Harley-Davidson 1946 model EL “Knucklehead” 989 cc OHV V-twin engine & frame # 46EL5582
During the Depression years of the early thirties Harley started the development of a new line of motorcycles, an up-to-date OHV model with sophisticated dry-sump recirculation lubrication system and a constant mesh four-speed gearbox. The frame was different of that of any other Harley: a duplex loop with twin down tubes. The new model was well-designed but hastily launched on to the market; it took the company several years to sort the resulting teething troubles. The first Model E “Knuckleheads” -named after the shape of the polished aluminum rocker shaft covers- were brought out with 989cc engines in 1936. In April 1937, Fred Ham, a Pasadena motorcycle police officer took his own, carefully-broken-in Model E to Muroc Dry Lake (now known as Edwards Air Force Base). He outlined a five-mile circle with flags and flare-pots for round-the-clock riding. Stopping only for fuel, oil, fruit juice and to change a broken rear chain in the 20th hour Ham completed 1,825 miles, averaging 76.02mph. He set 43 new speed and distance records for himself and Harley-Davidson’s Model E, single-handedly founding the legend of the Knuckleheads. Year by year the Knuckle was developed further and from 1942 on the 1207cc Model F was available next to the E.

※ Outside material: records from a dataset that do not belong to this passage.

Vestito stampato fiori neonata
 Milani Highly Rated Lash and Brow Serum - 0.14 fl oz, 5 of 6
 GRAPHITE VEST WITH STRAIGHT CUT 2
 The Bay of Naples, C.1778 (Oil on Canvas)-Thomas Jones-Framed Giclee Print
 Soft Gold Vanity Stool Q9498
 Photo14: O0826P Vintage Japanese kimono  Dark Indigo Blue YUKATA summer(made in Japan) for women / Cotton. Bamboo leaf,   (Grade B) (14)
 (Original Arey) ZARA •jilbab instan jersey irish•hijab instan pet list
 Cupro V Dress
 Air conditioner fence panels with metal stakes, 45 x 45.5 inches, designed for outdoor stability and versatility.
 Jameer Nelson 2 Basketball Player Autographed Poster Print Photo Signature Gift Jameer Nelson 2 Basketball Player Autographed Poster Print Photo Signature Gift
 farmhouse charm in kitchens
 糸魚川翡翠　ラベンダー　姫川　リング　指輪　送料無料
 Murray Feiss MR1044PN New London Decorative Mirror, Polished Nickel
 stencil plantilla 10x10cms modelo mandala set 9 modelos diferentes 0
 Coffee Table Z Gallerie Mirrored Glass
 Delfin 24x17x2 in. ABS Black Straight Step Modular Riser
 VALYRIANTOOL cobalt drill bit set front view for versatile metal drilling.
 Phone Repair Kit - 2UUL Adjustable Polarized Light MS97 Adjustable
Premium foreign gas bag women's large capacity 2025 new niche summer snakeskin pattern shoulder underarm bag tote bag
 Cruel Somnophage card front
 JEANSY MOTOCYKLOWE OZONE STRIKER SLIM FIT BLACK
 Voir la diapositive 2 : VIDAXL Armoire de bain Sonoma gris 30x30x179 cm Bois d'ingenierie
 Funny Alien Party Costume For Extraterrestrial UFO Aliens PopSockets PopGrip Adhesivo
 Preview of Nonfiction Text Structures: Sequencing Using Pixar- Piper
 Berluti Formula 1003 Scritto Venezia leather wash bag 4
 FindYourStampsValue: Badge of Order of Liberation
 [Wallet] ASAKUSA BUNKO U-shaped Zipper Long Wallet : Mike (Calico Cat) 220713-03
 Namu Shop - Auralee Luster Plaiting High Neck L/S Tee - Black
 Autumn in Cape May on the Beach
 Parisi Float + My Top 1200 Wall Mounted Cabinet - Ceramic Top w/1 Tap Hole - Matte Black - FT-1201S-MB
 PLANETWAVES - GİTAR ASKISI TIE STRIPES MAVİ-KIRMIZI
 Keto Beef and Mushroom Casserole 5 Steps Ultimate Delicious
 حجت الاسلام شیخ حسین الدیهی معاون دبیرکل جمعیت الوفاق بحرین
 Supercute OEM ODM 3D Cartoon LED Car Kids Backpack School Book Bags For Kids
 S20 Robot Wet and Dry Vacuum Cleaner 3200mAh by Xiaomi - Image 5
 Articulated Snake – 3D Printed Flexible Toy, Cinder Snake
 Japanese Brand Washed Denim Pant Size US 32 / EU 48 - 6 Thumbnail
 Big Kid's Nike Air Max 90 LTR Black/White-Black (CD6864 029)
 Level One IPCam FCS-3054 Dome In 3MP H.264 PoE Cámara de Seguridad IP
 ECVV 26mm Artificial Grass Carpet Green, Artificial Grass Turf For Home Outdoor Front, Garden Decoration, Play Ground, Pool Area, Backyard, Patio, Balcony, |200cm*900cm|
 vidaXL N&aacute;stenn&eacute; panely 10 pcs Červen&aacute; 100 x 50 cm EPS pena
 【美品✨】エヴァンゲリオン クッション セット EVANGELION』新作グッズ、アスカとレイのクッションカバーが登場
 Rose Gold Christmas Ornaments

The EL was the high-compression version with an output of 46hp@4800rpm and a compression ratio of 7.0:1, good for a top speed of 140km. There were no big changes for the 1946 model year, the most important being the revision of the steering head angle to 30 degrees for improved straight-line stability.
This splendid example from the one-but-last production year of the legendary Knucklehead has been carefully restored and comes with current Dutch registration.